Consultant pre-interview visits – what to talk about? | Association of Anaesthetists

Consultant pre-interview visits – what to talk about?

Consultant pre-interview visits – what to talk about?

Data gathered by the Royal College of Anaesthetists indicate that there are, on average, 350 anaesthetic Advisory Appointment Committees (AACs) supported by the College each year. The total number of consultant posts appointed to nationally will be in excess of this as Foundation Trusts are not obliged to seek College representation on their panels. In addition, some AACs cover more than one post. College records indicate that 400-450 anaesthetists enter the Specialist Register each year via training schemes, plus those who achieve ‘equivalence’ or move to the UK from overseas.
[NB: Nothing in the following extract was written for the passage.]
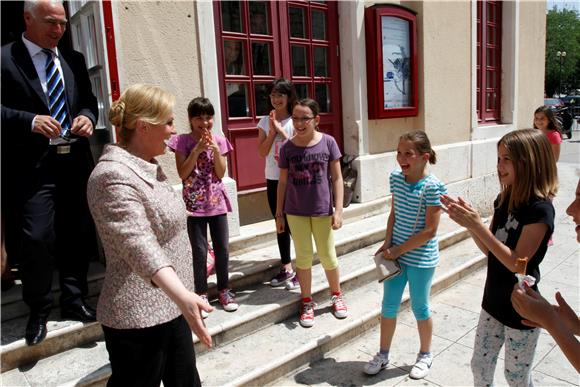 Predsjednica Grabar-Kitarović na svečanoj sjednici skupštine Šibensko-kninske županije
Supply and demand are, therefore, quite finely balanced so it is important to put yourself in the best position possible to secure the job of your dreams!

An AAC is a legally constituted interview panel that must include five core members or their representatives: a lay member (usually the Chairman of the Trust or other Non- Executive Director); a College Assessor; the Chief Executive of the Trust; the Medical Director; and, a consultant representative from the Trust, usually from the relevant specialty. AACs for posts with research or teaching responsibilities will also have a university representative.

Shortlisting for the post will be determined by your application and sometimes CV. Once you have been shortlisted, you need to put yourself in the best position possible for the day of interview. You should be notified of the names of the panel members when you are sent details of the interview. You should expect to meet, or at the very least, have a telephone conversation with the Chief Executive, Medical Director and specialty consultant. Make contact with the Chairman or Non-Executive Director but don’t be surprised if they decline your offer to visit. The College assessor (there to advise on your training and qualifications) and university representative wouldn’t be expected to have an in-depth knowledge of the post, so don’t arrange to meet them.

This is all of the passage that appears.